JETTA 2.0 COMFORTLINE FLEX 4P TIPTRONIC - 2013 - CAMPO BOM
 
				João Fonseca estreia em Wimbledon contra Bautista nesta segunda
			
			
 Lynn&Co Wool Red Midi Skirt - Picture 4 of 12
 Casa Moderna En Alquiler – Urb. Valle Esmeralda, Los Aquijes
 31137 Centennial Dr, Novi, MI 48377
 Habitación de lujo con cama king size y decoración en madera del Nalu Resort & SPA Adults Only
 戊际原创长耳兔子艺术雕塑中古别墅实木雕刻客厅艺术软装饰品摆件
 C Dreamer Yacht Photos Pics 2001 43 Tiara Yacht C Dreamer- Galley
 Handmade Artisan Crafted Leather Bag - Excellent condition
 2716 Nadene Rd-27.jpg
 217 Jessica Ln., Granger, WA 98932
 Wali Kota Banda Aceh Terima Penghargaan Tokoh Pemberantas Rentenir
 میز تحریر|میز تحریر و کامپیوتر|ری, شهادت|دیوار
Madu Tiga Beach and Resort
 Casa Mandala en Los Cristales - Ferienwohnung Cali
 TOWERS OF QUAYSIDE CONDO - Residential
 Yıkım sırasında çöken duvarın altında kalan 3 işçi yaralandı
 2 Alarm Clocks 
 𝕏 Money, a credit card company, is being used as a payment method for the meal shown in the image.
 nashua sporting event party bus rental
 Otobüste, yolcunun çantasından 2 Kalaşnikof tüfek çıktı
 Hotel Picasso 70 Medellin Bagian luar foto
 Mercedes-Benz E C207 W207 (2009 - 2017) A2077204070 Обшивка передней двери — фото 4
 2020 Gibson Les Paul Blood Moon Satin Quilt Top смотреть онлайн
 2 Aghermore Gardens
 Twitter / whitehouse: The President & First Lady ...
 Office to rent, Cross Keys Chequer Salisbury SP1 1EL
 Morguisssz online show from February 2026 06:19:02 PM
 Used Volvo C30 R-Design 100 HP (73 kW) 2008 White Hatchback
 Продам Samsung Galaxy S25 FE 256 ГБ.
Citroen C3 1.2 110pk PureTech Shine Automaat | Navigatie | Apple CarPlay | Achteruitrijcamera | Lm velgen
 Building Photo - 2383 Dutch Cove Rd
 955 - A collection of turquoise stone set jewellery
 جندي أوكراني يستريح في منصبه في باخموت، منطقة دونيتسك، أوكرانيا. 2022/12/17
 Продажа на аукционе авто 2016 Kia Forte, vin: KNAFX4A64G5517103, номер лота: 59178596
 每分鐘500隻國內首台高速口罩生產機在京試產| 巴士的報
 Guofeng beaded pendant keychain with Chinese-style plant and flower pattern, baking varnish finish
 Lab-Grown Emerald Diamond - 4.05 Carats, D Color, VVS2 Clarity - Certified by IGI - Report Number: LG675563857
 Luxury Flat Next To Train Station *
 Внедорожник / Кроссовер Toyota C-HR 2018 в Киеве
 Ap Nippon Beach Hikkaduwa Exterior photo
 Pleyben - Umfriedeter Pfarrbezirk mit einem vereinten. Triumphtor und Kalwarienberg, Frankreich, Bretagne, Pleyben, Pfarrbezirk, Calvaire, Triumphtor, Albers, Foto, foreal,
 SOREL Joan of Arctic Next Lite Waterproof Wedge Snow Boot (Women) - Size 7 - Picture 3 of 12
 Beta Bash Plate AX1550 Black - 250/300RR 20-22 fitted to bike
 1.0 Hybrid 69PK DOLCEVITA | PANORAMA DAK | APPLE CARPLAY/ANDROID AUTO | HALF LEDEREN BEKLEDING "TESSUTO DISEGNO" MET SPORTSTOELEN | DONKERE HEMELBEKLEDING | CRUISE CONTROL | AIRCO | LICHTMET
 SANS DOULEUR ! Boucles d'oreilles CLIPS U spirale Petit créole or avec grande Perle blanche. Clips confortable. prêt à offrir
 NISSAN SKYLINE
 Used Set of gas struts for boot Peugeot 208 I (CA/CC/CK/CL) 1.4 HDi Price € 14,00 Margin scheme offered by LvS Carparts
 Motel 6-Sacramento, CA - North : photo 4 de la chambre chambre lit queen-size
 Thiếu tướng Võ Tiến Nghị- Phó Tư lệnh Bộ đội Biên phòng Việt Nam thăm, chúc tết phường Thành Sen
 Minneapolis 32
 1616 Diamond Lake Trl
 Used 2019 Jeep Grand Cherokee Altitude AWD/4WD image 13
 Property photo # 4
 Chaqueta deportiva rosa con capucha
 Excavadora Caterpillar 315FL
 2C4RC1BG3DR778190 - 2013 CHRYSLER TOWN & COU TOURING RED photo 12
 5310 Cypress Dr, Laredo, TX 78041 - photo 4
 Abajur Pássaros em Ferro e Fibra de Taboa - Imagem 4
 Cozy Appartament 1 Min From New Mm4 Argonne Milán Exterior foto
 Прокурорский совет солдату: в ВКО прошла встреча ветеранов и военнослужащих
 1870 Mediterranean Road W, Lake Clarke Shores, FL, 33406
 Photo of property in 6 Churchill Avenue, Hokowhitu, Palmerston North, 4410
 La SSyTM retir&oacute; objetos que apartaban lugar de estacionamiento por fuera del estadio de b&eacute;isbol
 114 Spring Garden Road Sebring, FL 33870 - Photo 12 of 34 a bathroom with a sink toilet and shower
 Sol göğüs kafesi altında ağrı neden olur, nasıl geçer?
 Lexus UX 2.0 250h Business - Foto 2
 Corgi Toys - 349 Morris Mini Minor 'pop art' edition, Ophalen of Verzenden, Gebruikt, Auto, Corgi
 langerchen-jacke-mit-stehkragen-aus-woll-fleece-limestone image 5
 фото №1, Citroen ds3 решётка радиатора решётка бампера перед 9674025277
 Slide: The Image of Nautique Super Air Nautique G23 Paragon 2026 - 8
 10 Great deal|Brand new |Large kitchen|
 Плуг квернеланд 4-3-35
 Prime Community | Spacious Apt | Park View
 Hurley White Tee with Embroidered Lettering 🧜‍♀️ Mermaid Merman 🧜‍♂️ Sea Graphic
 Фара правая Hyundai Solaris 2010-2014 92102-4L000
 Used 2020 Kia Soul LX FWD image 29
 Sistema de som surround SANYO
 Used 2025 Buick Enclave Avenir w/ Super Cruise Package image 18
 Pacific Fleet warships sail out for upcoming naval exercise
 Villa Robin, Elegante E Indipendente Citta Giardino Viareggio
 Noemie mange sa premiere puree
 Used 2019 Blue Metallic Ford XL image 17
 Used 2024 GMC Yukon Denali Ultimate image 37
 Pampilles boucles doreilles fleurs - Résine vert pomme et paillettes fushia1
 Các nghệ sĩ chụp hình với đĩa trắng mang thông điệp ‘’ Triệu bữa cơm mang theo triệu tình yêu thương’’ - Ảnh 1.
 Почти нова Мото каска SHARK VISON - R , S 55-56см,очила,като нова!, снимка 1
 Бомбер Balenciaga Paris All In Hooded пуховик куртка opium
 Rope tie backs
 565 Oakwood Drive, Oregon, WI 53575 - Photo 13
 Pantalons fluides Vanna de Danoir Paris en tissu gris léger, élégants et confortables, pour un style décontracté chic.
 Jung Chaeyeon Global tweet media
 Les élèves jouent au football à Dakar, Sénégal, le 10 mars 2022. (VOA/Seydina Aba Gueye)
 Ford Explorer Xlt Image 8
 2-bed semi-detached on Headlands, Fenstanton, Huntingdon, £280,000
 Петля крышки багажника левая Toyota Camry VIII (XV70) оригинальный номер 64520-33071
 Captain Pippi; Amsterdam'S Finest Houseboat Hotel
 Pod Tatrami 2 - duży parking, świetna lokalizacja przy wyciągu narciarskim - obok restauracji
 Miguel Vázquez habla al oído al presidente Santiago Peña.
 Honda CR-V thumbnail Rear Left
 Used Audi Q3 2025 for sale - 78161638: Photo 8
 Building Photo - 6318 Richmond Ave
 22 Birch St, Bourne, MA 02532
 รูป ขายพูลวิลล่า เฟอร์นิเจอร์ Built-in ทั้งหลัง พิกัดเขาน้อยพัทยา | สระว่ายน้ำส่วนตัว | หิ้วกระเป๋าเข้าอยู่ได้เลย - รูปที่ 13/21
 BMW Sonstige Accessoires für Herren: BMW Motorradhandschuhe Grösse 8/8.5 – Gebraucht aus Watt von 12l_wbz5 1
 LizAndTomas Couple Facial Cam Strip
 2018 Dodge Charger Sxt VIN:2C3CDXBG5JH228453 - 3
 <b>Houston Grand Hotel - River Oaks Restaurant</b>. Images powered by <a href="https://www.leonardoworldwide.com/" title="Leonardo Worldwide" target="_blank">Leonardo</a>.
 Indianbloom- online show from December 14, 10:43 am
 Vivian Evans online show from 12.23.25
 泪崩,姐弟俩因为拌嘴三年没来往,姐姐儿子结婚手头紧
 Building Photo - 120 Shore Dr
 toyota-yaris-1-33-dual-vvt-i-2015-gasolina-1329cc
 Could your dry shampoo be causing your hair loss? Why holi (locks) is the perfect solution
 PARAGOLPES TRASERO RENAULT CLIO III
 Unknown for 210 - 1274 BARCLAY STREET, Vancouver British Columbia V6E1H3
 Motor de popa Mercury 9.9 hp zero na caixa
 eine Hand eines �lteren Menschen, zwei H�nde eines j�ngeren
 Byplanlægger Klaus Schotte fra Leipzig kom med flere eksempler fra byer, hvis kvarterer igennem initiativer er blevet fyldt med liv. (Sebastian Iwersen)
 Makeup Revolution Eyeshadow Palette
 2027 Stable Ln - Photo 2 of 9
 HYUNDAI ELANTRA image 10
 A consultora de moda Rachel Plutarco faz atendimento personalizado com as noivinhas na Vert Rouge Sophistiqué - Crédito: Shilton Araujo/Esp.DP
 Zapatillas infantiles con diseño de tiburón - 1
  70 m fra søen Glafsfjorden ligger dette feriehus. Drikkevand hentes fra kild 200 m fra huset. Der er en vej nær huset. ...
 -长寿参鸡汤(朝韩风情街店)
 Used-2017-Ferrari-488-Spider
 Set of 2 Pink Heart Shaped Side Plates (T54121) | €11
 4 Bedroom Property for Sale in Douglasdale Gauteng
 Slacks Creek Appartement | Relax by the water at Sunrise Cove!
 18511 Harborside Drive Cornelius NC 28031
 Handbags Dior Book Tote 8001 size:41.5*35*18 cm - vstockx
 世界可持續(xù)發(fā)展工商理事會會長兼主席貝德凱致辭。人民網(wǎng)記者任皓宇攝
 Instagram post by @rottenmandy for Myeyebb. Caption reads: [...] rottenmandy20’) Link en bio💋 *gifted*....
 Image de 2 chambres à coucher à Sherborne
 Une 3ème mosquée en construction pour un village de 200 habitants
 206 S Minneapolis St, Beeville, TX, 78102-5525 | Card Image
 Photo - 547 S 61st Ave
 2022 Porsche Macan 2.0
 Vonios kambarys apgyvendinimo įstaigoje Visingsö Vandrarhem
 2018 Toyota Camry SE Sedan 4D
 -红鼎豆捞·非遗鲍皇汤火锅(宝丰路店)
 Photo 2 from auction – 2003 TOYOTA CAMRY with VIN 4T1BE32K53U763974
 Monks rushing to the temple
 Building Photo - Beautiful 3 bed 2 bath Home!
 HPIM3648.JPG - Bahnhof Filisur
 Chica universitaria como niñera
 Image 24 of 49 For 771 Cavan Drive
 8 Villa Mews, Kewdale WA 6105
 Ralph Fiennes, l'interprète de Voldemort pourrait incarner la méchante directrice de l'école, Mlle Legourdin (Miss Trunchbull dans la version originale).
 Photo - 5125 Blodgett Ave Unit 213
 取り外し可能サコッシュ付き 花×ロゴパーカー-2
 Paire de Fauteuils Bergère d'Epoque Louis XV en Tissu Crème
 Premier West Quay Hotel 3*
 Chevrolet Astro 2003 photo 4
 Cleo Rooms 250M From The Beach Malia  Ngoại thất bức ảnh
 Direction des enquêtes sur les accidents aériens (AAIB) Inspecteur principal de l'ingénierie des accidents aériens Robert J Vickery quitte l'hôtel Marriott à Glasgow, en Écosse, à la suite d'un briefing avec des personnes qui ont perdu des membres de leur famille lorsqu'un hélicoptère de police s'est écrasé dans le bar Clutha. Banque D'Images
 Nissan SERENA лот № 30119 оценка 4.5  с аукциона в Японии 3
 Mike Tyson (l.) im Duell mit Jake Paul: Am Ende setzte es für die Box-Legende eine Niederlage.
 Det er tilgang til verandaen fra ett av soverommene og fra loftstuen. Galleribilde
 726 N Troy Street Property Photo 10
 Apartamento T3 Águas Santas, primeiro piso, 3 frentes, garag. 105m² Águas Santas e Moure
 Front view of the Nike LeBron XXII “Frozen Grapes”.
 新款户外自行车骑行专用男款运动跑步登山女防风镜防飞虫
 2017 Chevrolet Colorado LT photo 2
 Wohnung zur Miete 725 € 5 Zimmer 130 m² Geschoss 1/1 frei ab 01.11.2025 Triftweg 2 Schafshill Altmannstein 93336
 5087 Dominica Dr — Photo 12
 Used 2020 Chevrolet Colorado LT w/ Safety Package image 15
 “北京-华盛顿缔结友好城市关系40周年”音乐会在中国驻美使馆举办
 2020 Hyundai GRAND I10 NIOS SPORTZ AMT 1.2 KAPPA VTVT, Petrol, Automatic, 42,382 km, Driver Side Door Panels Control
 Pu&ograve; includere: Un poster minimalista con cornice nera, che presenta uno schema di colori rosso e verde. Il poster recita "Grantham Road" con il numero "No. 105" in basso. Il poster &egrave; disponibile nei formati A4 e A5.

+++

*Exercise objective*. Take the line above containing "Ralph Fiennes, l'interprète", the line containing "Cleo Rooms 250M", and all lines in between, and copy them exactly without anything else.

*Finished task*.
 Ralph Fiennes, l'interprète de Voldemort pourrait incarner la méchante directrice de l'école, Mlle Legourdin (Miss Trunchbull dans la version originale).
 Photo - 5125 Blodgett Ave Unit 213
 取り外し可能サコッシュ付き 花×ロゴパーカー-2
 Paire de Fauteuils Bergère d'Epoque Louis XV en Tissu Crème
 Premier West Quay Hotel 3*
 Chevrolet Astro 2003 photo 4
 Cleo Rooms 250M From The Beach Malia  Ngoại thất bức ảnh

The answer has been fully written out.